How he gets it done: Hendricks, despite competing for Team Takedown and possessing national champion amateur wrestling skills, should want to keep this fight standing. He hasn't quite been able to transition those elite college attributes into his MMA game, at least against some of the better welterweight wrestlers in the UFC.
What he has been able to develop is an vastly improved striking game, one that continues to grow and evolve in technique and power every time we see him. Hendricks has severe knockout power in his hands if he can land a clean strike to the chin or temple and he'll be looking to catch Kampmann just like Fitch. His left hand is absolutely nasty.

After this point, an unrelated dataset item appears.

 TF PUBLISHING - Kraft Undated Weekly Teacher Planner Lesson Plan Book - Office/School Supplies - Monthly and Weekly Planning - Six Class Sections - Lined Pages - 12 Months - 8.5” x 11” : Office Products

Expect to see Hendricks work his angles, maneuvering his feet so he's not caught out of position and he can fend off Kampmann's strikes or his attempts to close the distance in the clinch. While he's comfortable on his back, he shouldn't even give Kampmann an opportunity to put him there.
The biggest thing for Hendricks to concern himself with is not trying to knock Kampmann's head off. When he thinks about the knockout too much or tries too hard for it, it won't happen. He has to let it come naturally as he definitely has the raw natural power to pull off a stoppage via strikes.

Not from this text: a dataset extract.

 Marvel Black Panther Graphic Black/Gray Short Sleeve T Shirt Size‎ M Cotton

Fight X-Factor: The biggest X-Factor for this fight has to be the pressure of a potential title shot. Having so much on the line can do strange things to people. Look no further than Kenny Florian or Carlos Condit. They fought completely different when the belt or a title shot added extra incentive to win. Both Hendricks and Kampmann are aggressive and extremely dangerous, but with the stakes being raised, one of them might try to fight not to lose instead of trying to win.
Whoever retains their aggression and fights naturally will have the biggest advantage. No goofy gameplan or trickery is going to win this fight.
Bottom Line: These are two of the best welterweights in the world and they're both extremely hungry for a title shot they should have been given after their last wins (each). They're frustrated, anxious and both have the potential to end a fight at any given moment. If this remains a striking battle on the feet, there's serious potential for some extremely fun exchanges and heavy shots getting landed, especially with Kampmann's tendency to get hit hard during fights. Expect at least one "did that just happen?" moment in this fight.